[[ Exercise material open ]]

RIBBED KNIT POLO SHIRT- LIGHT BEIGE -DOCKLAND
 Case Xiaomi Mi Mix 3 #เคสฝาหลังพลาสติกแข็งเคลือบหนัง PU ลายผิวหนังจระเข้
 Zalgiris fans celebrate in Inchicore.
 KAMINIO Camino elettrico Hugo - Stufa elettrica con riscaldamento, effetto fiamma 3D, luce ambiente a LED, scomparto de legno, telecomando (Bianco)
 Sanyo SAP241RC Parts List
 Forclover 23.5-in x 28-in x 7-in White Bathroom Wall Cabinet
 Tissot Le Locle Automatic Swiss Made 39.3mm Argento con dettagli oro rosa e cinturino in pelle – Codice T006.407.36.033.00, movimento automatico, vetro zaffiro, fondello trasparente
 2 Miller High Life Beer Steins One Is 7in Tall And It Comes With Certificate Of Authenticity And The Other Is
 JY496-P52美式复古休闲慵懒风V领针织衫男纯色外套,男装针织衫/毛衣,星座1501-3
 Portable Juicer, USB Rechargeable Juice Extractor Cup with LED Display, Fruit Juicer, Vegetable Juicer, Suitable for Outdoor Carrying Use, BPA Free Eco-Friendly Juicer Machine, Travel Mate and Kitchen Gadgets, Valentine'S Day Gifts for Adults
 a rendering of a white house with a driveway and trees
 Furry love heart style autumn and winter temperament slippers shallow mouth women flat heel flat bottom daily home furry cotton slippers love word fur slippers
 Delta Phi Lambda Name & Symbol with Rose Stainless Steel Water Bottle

[[ Exercise material closed ]]

Transcribe the opening lines of the listing exactly, please. Stop after the line that contains "JY496-P52美式复古休".

RIBBED KNIT POLO SHIRT- LIGHT BEIGE -DOCKLAND
 Case Xiaomi Mi Mix 3 #เคสฝาหลังพลาสติกแข็งเคลือบหนัง PU ลายผิวหนังจระเข้
 Zalgiris fans celebrate in Inchicore.
 KAMINIO Camino elettrico Hugo - Stufa elettrica con riscaldamento, effetto fiamma 3D, luce ambiente a LED, scomparto de legno, telecomando (Bianco)
 Sanyo SAP241RC Parts List
 Forclover 23.5-in x 28-in x 7-in White Bathroom Wall Cabinet
 Tissot Le Locle Automatic Swiss Made 39.3mm Argento con dettagli oro rosa e cinturino in pelle – Codice T006.407.36.033.00, movimento automatico, vetro zaffiro, fondello trasparente
 2 Miller High Life Beer Steins One Is 7in Tall And It Comes With Certificate Of Authenticity And The Other Is
 JY496-P52美式复古休闲慵懒风V领针织衫男纯色外套,男装针织衫/毛衣,星座1501-3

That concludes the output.